Я кивнула. Смысл его слов доходил до моего сознания постепенно. Я снова перевела взгляд на мужчину, стоявшего ближе всех к огню. В его лице я как будто увидела колесо Сансары[12]. В глазах человека, смотрящего, как огонь поглощает его мать, было столько силы, столько вечной мудрости и любви!
Это прекрасно!
Тело горело несколько часов. Всё это время я стояла на месте, не сводя глаз с огня, моё лицо, обращённое к огню, раскраснелось. В то же время спина и затылок словно заледенели — ночь, вступившая в свои права, была зябкой.

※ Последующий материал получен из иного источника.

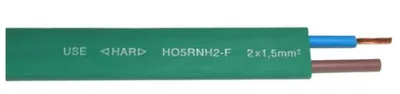 Productafbeelding van Groen platte kabel H05RNH2-F 2x1,5 (voor lichtketting) /op rol/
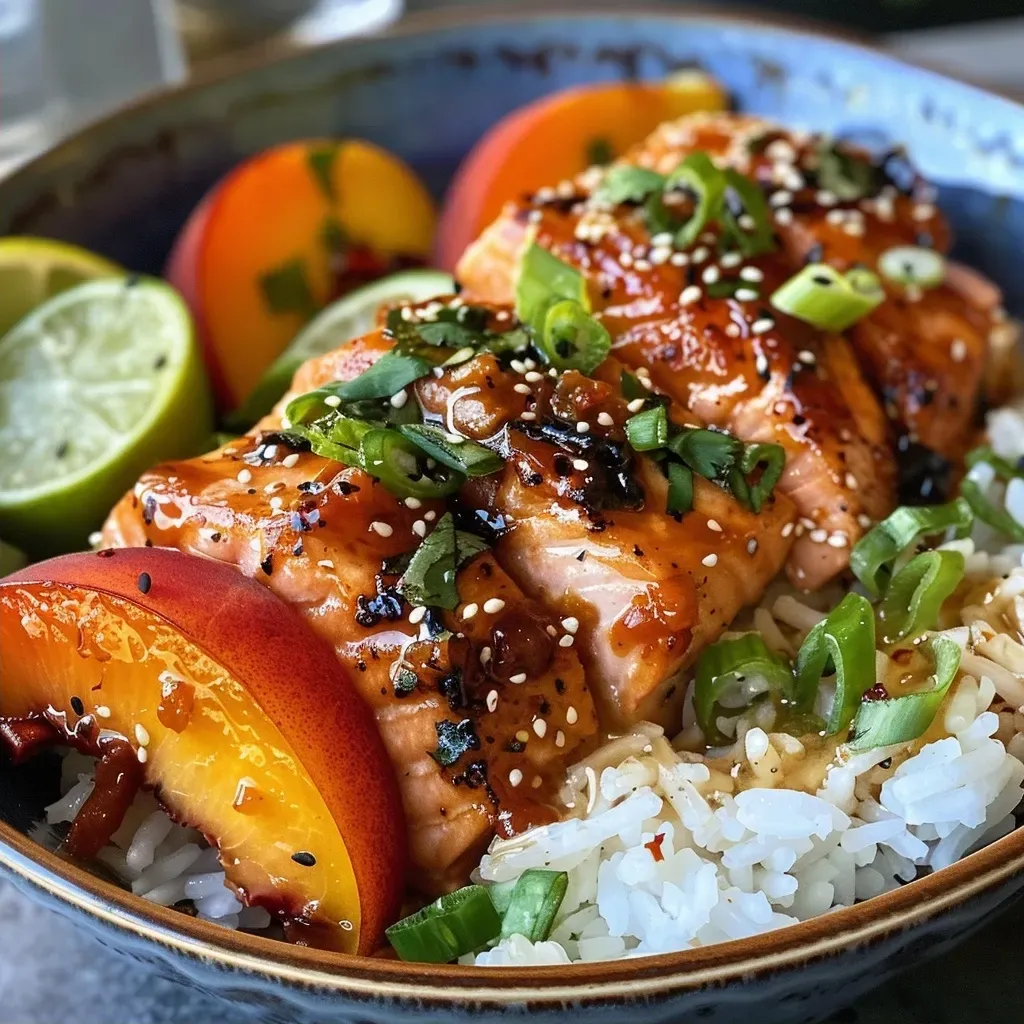 ['Close-up of a bowl featuring Chili Crisp Peach Salmon with rice and peach slices.', 'Side view of a vibrant Chili Crisp Peach Salmon Bowl with garnishes and cooked rice.', 'Colorful plate of salmon, peaches, and rice topped with chili crisp, ready to eat.', 'Delicious Chili Crisp Peach Salmon Bowl showcasing seared salmon and fresh peach wedges.']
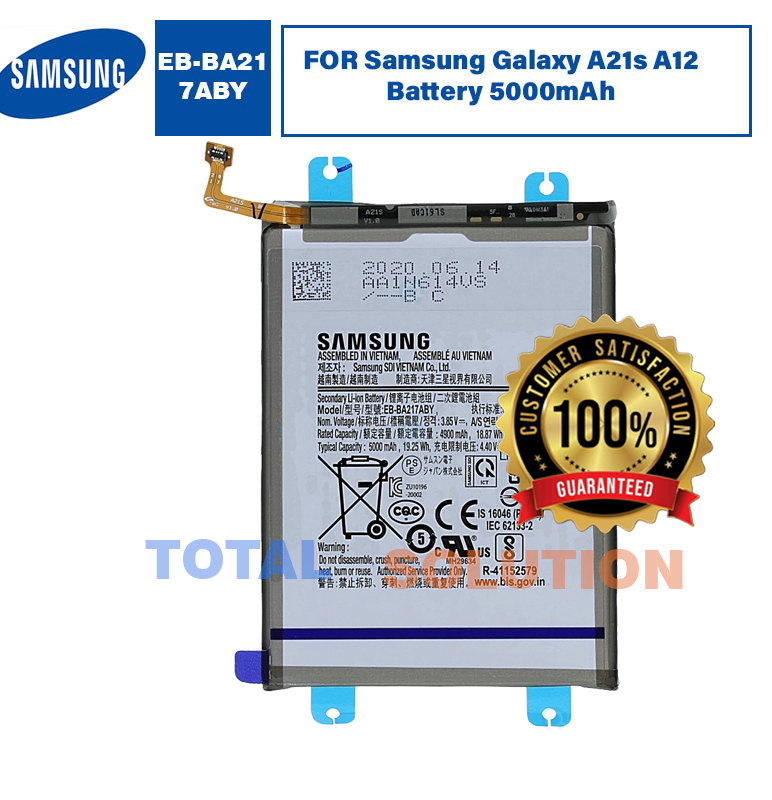 Original Samsung EB-BA217ABY Battery For Galaxy A12 (SM-A125F) / A21s (SM-A217F) / A04s (SM-A047F) Mobile - 5000mAh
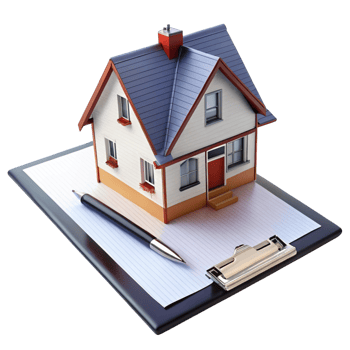 Real estate concept featuring a miniature house with clipboard and pen representing property evaluation and documentation png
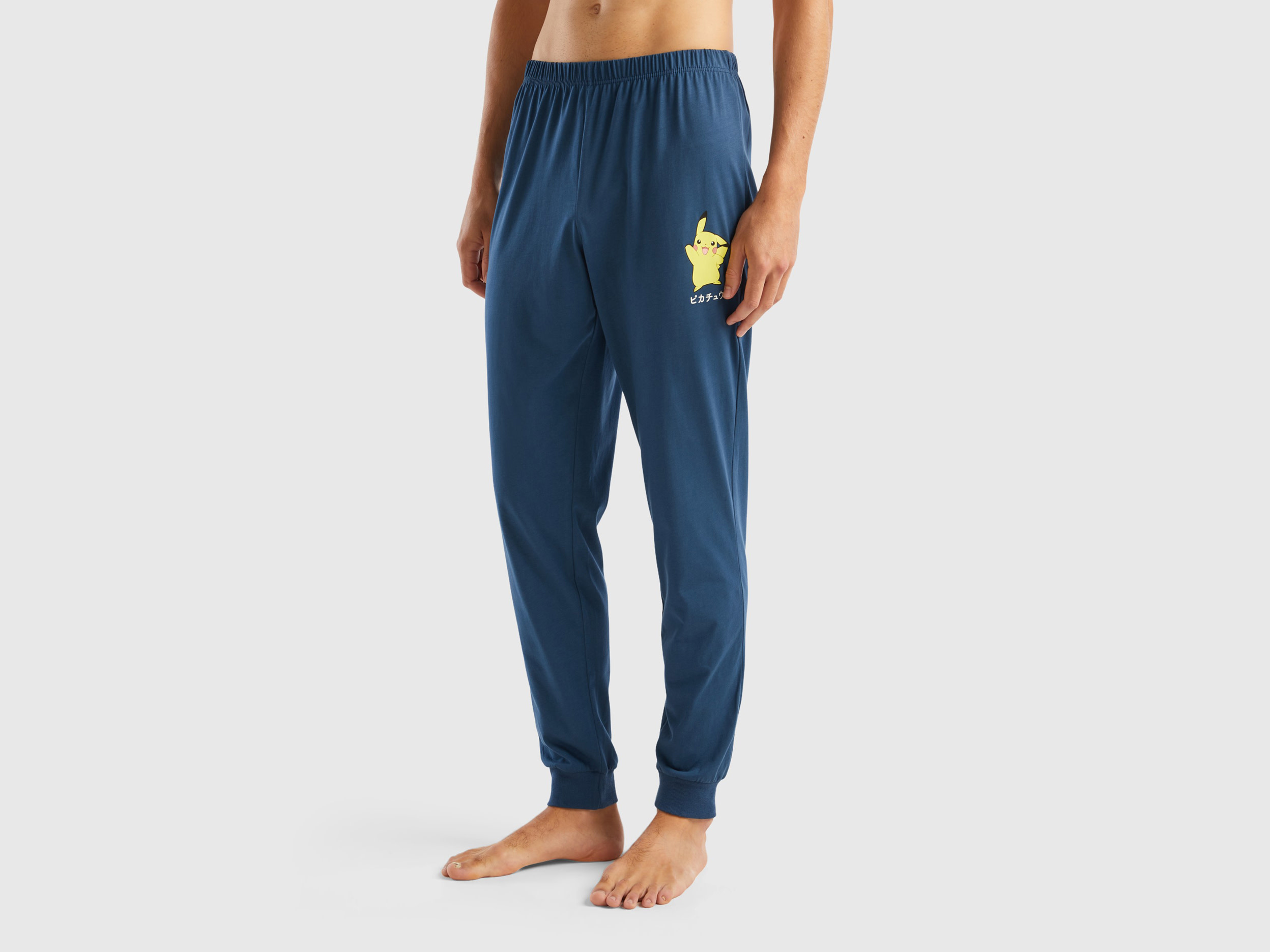 Benetton, Pokemon Trousers In Long Fiber Cotton, size S, Dark Blue, Men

Я думала, что в жизни всё всегда рядом. Жар и холод. Жизнь и смерть. Красота и уродство. Любовь и ненависть. Отчаяние и надежда. Невозможно познать одно, не испытав другого. Нельзя отделить только хорошее, доброе, светлое, красивое, отринув изнанку жизни. Вот этот костёр… Он казался чем-то невероятно возвышенным, чистым, великим. И в то же время я видела, как горят брёвна — обычные куски дерева, купленные за несколько рупий у торговца, который работает в этом месте без всяких мыслей о великом, просто чтобы накормить свою семью. Я видела, как человек, провожающий в небытие своего близкого, сморкается прямо на землю. Как рядом с погребальным костром валяются остатки предыдущего, который пылал здесь накануне — недогоревшие брёвна и части тела. Кости, которые тоже, возможно, были чьей-то матерью, сейчас валялись в пыли, смешанные с золой и грязью. В нескольких шагах лежала корова, а чуть поодаль рыскала свора бродячих псов.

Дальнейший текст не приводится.